In the summer of 2009, the search for that next aircraft that would be a game changer, a real step forward in the Light Sport Industry, began. Looking on the web, traveling to manufacturer sites, looking at prospective certification packets of aircraft that were not yet certified under the ASTM guidelines for Special Light Sport Aircraft Airplanes. We looked at U.S. manufactured aircraft, foreign built aircraft that were already for sale elsewhere, but not in the USA. Still no joy.


In November 2011, there was a glimmer of hope. I decided to stop looking for aircraft and start looking for designers who had a proven proclivity to design good looking, nice handling aircraft. Milan Bristela, whom I had known to be with Evektor Aerotechnik in the SportStar and EuroStar programs as well as a designer and production engineer at Czech Aircraft Works, CZAW; (Prior owner of the SportCruiser/PiperSport program before being bought out by an investment group). I knew his work and knew that I liked it.


I had seen some of his “new” work through the grapevine as early as 2007 when the first drawings of the NG4 were made while here in the USA afterhours…just a drawing, but more than that, a dream. A dream to build his own aircraft with uncompromised craftsmanship and attention to every detail without the encumbrances of the corporate decision making process. The next generation of LSAs was put to paper!


Side note: The NG1 was the Mermaid of Czech Aircraft Works (CZAW), the NG2 was the Parrot of CZAW, the NG3 was the SportCruiser/PiperSport of CZAW then later Czech Sport Aircraft (CSA).


A small lot of aircraft was built under the NG4 moniker, but there were many refinements and a few substantial changes that needed to be done in Mr. Bristela’s opinion, so he went back to the drawing board. This time though, he decided to make a go of it completely on his own; BRM Aero was born.


The name BRM Aero was homage to what started Milan’s dreams about all things fast and mechanical: British Racing Motors, (generally known as BRM), that raced from the 1950’s to 1977. The Formula One type of design refinement was what Milan Bristela had in mind, so the name for the company was set. Mr. Bristela started with different portions of designs in his previous four personal designs as well as other designs that he had seen and worked on over the years, and then set to making changes.
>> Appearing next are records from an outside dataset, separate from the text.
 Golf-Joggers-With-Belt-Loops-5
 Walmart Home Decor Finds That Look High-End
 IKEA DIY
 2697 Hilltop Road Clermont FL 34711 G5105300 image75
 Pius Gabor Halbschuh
There are close to 30 structural and design changes on the Bristell NG5 from its latest precendent by Mr. Bristela, the NG4.
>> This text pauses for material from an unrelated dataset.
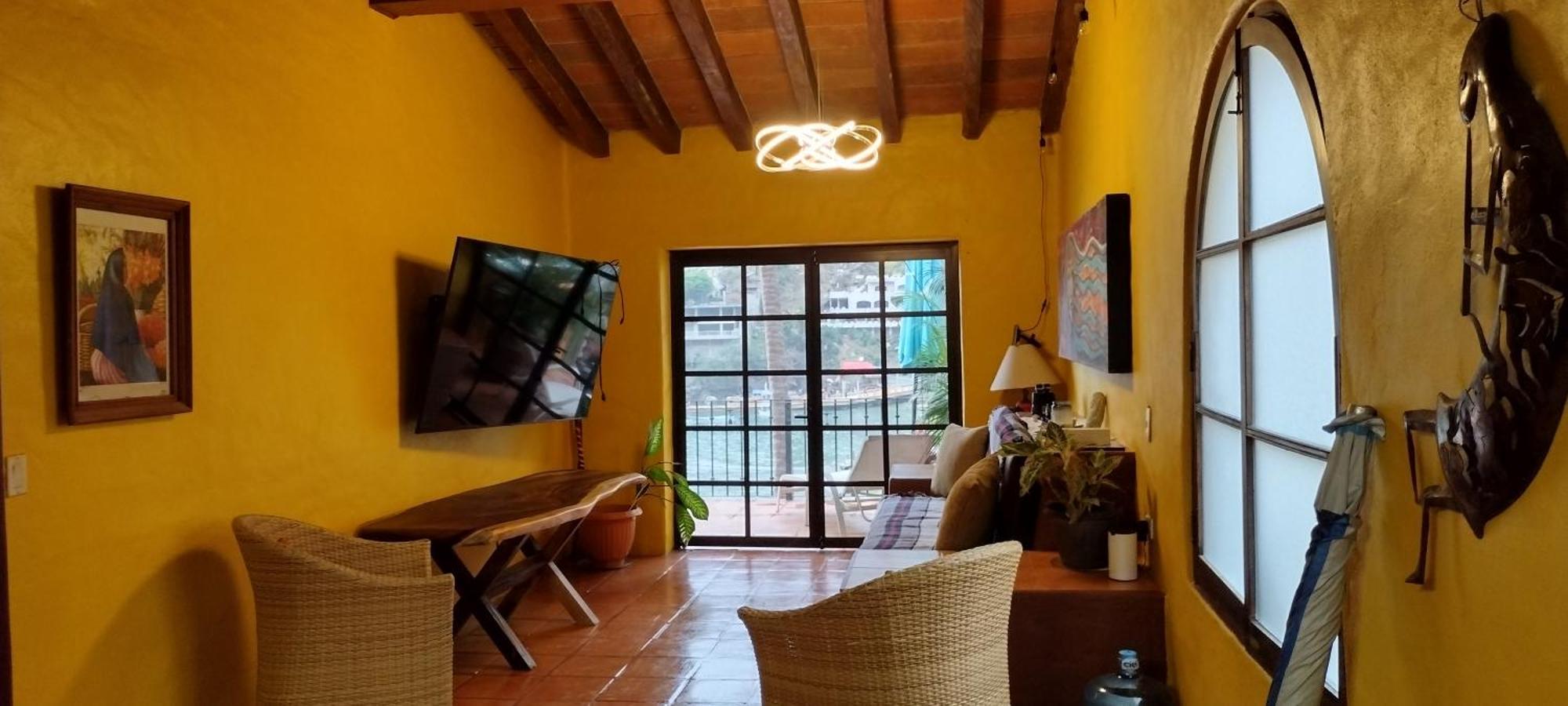 Villas Del Amor Amor Puerto Vallarta Exteriér fotografie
In May of 2011 a trip to Czech Republic was planned and I stayed at the factory for over two weeks to get to know how things were done there. I had been to factories in Spain, Germany, Poland, Czech Republic, Slovakia and Ukraine before; so I expected a similar experience. Lots of workers, slowly working in a factory environment. That is not what I found.


I found a small group of highly motivated artisans who are to be the first tier managers when the operation grows organically from aircraft sales. I say organically, because outside funding is neither needed nor desired. The factory is efficiently laid out for production and flows well. There is no wasted space or time between phases. The metal for the aircraft is CNC pre-cut and drilled before arriving to the factory. The operation is lean and the workers are cross-trained and work together well. Each production phase is surrounded by walls of the AN/MS hardware being used on the aircraft. (Yes, AN/MS hardware on a light sport!) Mr. Bristela found that by using the proven quality AN/MS hardware could actually reduce or at the very least, maintain production cost: If an organization is using off-the-shelf metric hardware, they should be testing lots of the hardware for quality assurance. With the controlled, AN/MS hardware, this step was no longer required.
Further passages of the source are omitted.